DESCRIPTION OF THE TASK: Taking the line with "PlayStation 4 slim, игры и аккаунт" as the first and the last line of the listing as the final one, please copy exactly those lines and no others, without pictures.

----------

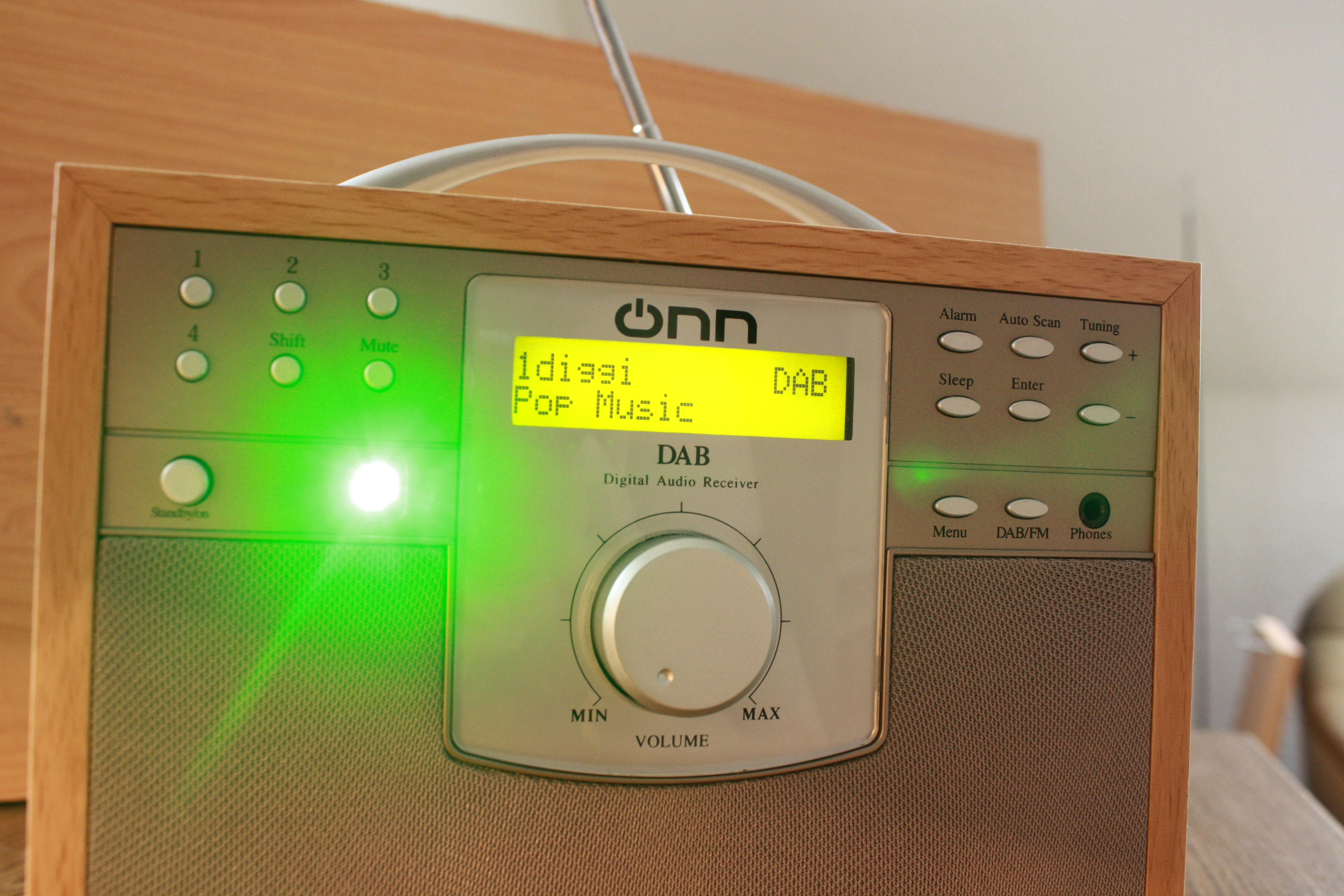 If in radio mode, press and hold the power/source/al off button to turn the unit off. File Onn Odabr01 Jpg Wikimedia Commons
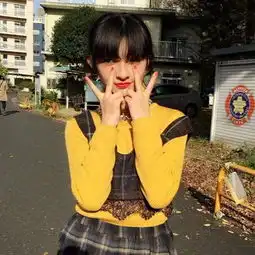 5岁开始学钢琴,14岁成为时尚博主,网红女孩mappy的女明星之路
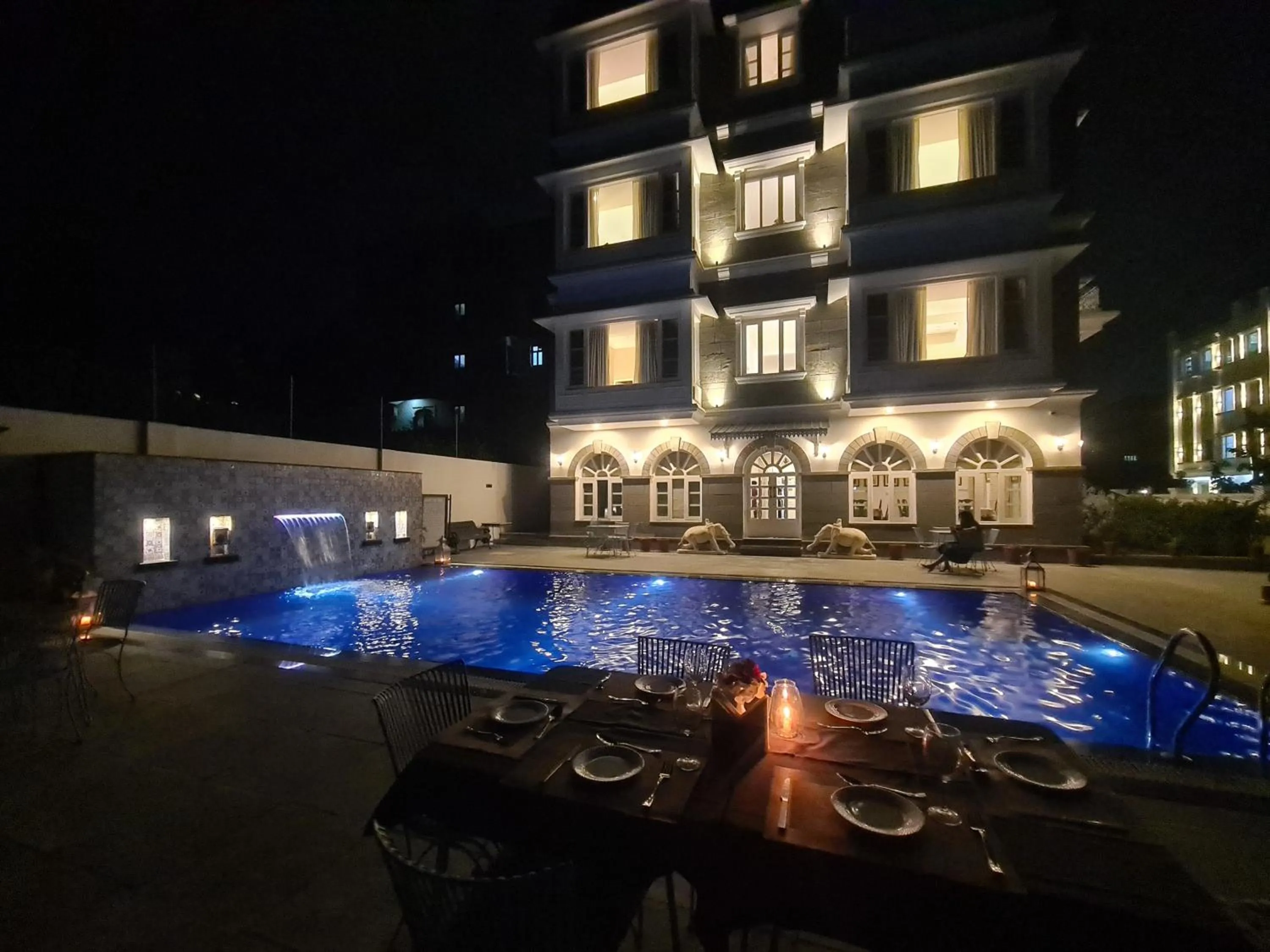 Swimming pool in Boheda Manor - Luxury Retreat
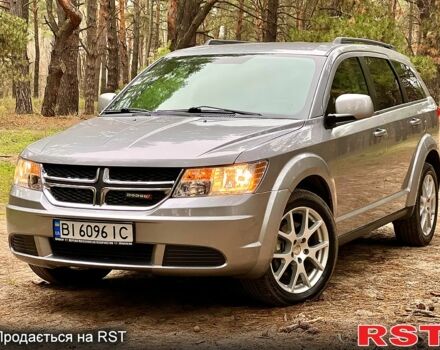 Серый Додж Джорни, объемом двигателя 2.4 л и пробегом 250 тыс. км за 10500 $, фото 1 на Automoto.ua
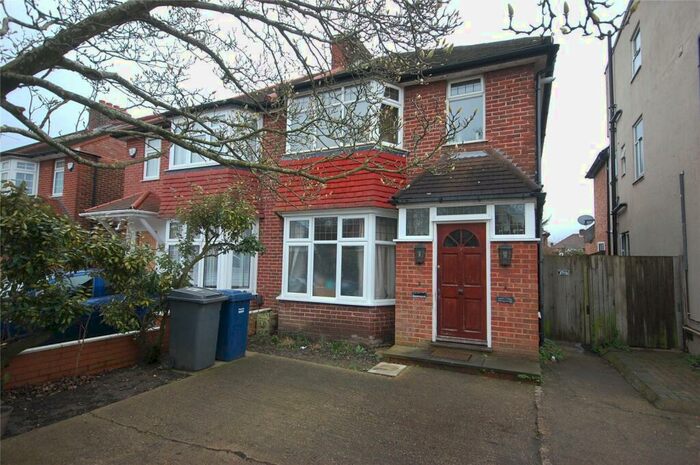 1 Bedroom Apartment To Rent In Pennine Drive, London, NW2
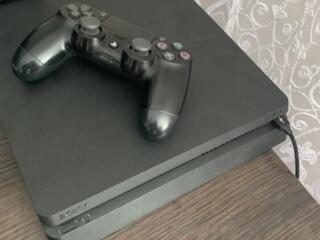 PlayStation 4 slim, игры и аккаунт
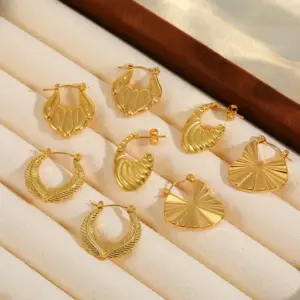 Wholesale 1 Pair Basic Simple Style Heart Shape Plating 304 Stainless Steel 18K Gold Plated Earrings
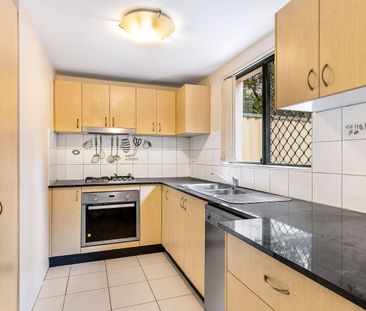 Large Courtyard Apartment - Photo 5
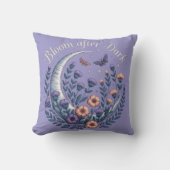Night Garden Faux Embroidered Moon with Moths クッション (正面)
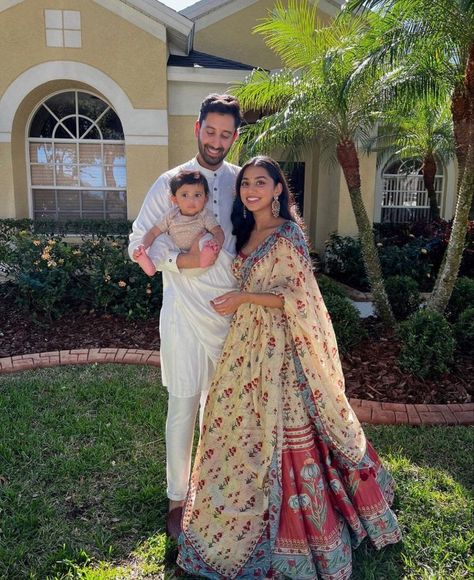 Desi Couple Outfits, Family Traditional Outfits Indian, Desi Wedding Poses, Couples In Traditional Outfits, Indian Couple Outfits, Couple Traditional Outfits Indian, Indian Family Aesthetic, Indian Family Photo, The Soft Life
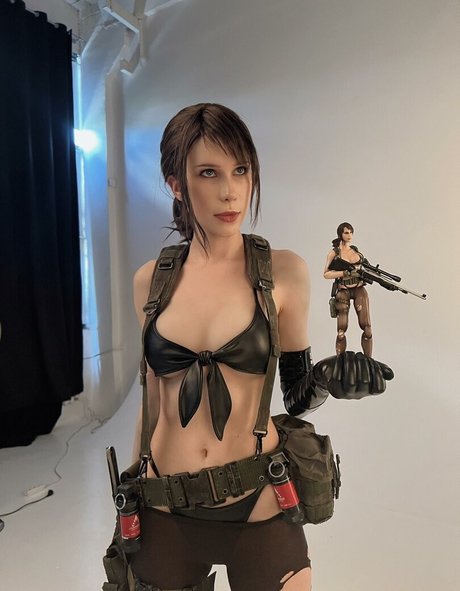 Olga Haku Frau haku model art img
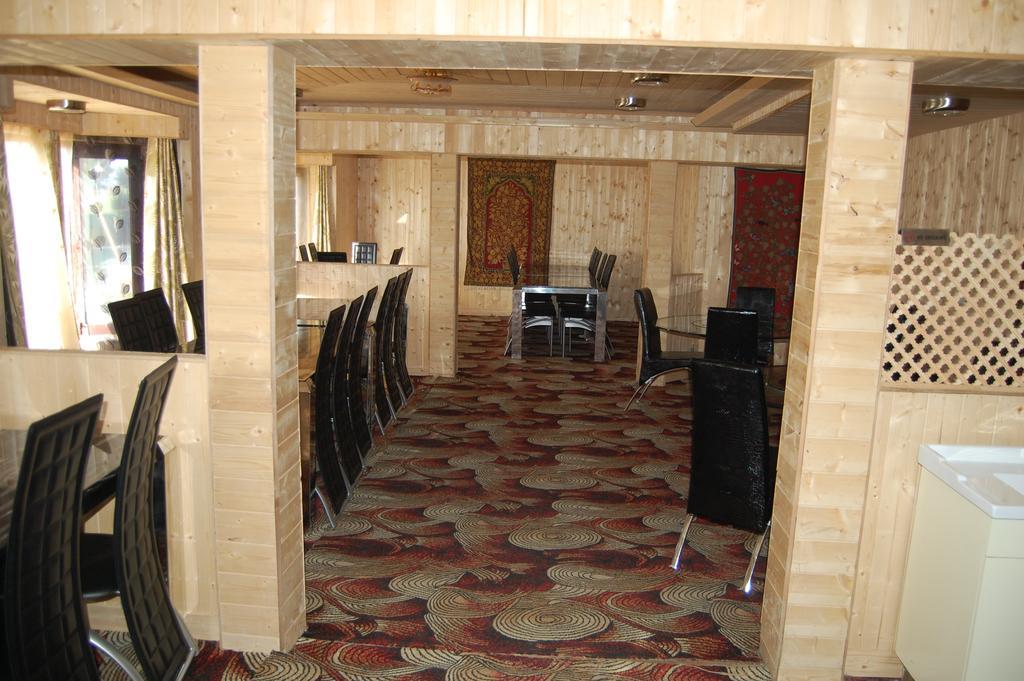 Hotel Zahgeer Continental グルマルグ 部屋 写真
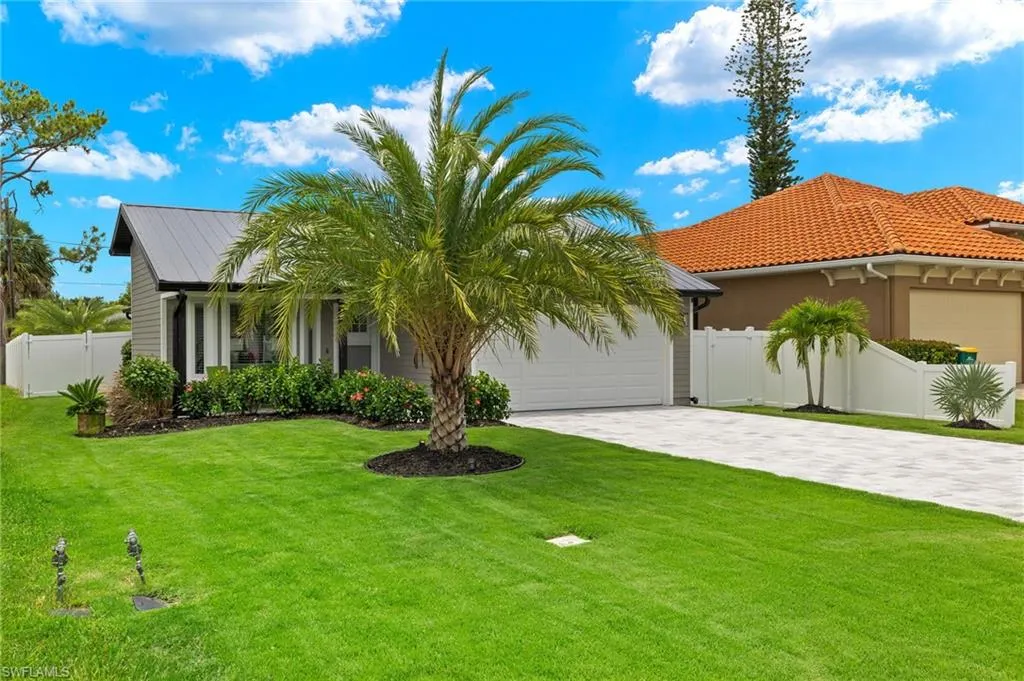 734 95th AVE, Naples, FL 34108,225051686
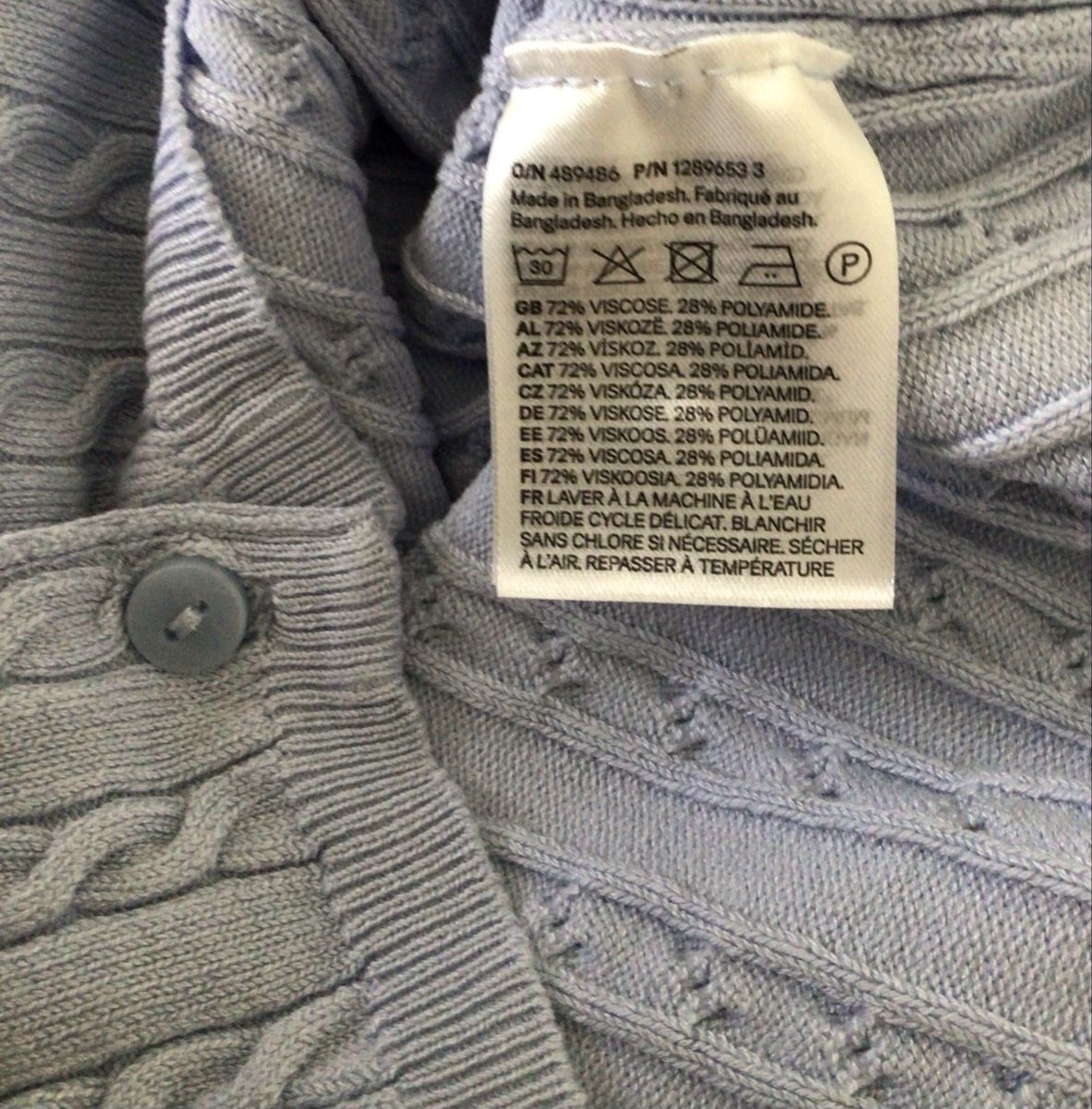 H&M Jacken: Strickjacke H&M Damen Grösse L hellblau Viskose – Gebraucht aus Oberwil BL von Brichri3001 3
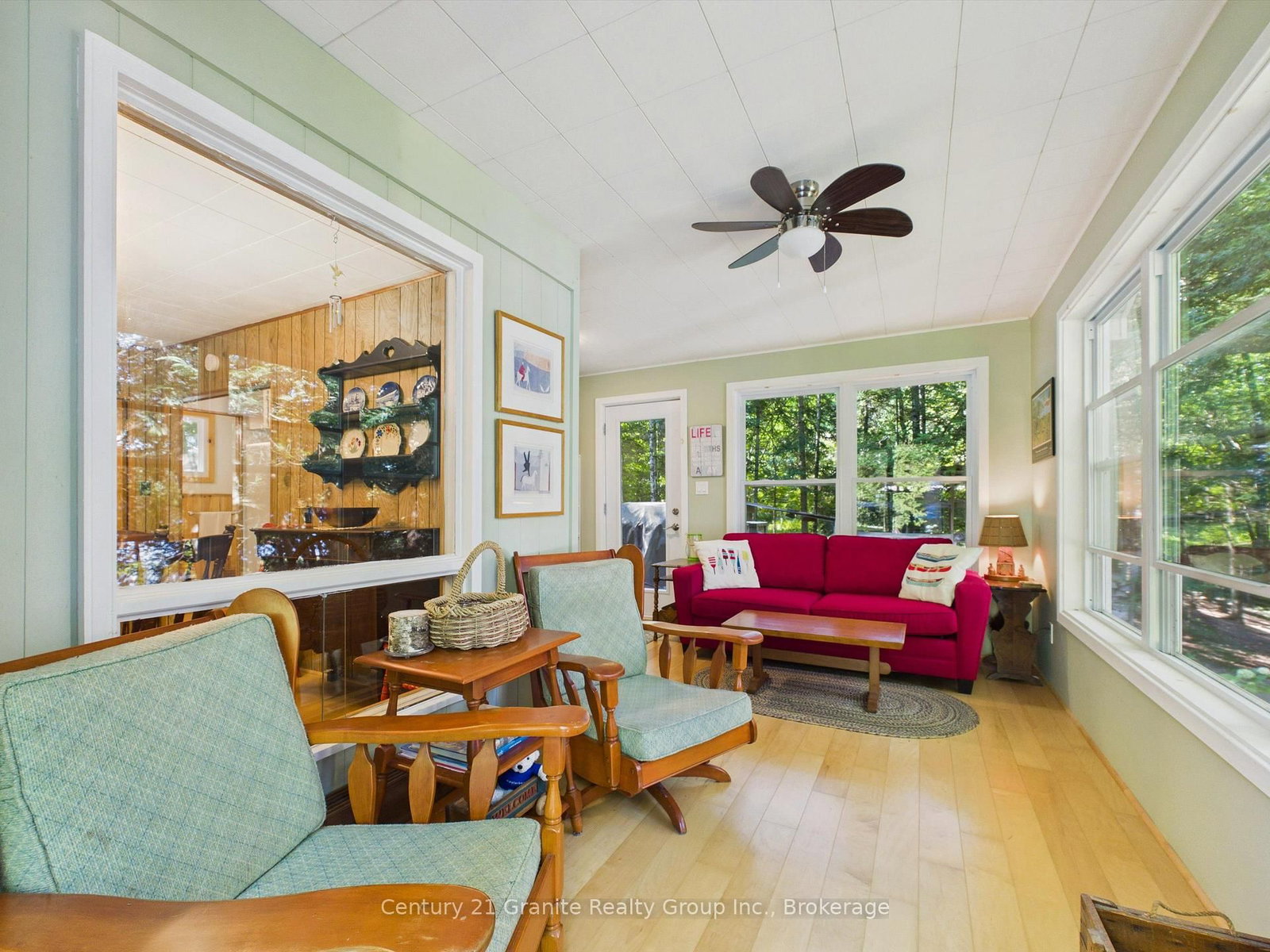 1045 Heritage Lane • Algonquin Highlands, ON photo 13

----------

ANSWER TO THIS TASK:
 PlayStation 4 slim, игры и аккаунт
 Wholesale 1 Pair Basic Simple Style Heart Shape Plating 304 Stainless Steel 18K Gold Plated Earrings
 Large Courtyard Apartment - Photo 5
Night Garden Faux Embroidered Moon with Moths クッション (正面)
 Desi Couple Outfits, Family Traditional Outfits Indian, Desi Wedding Poses, Couples In Traditional Outfits, Indian Couple Outfits, Couple Traditional Outfits Indian, Indian Family Aesthetic, Indian Family Photo, The Soft Life
 Olga Haku Frau haku model art img
 Hotel Zahgeer Continental グルマルグ 部屋 写真
 734 95th AVE, Naples, FL 34108,225051686
 H&M Jacken: Strickjacke H&M Damen Grösse L hellblau Viskose – Gebraucht aus Oberwil BL von Brichri3001 3
 1045 Heritage Lane • Algonquin Highlands, ON photo 13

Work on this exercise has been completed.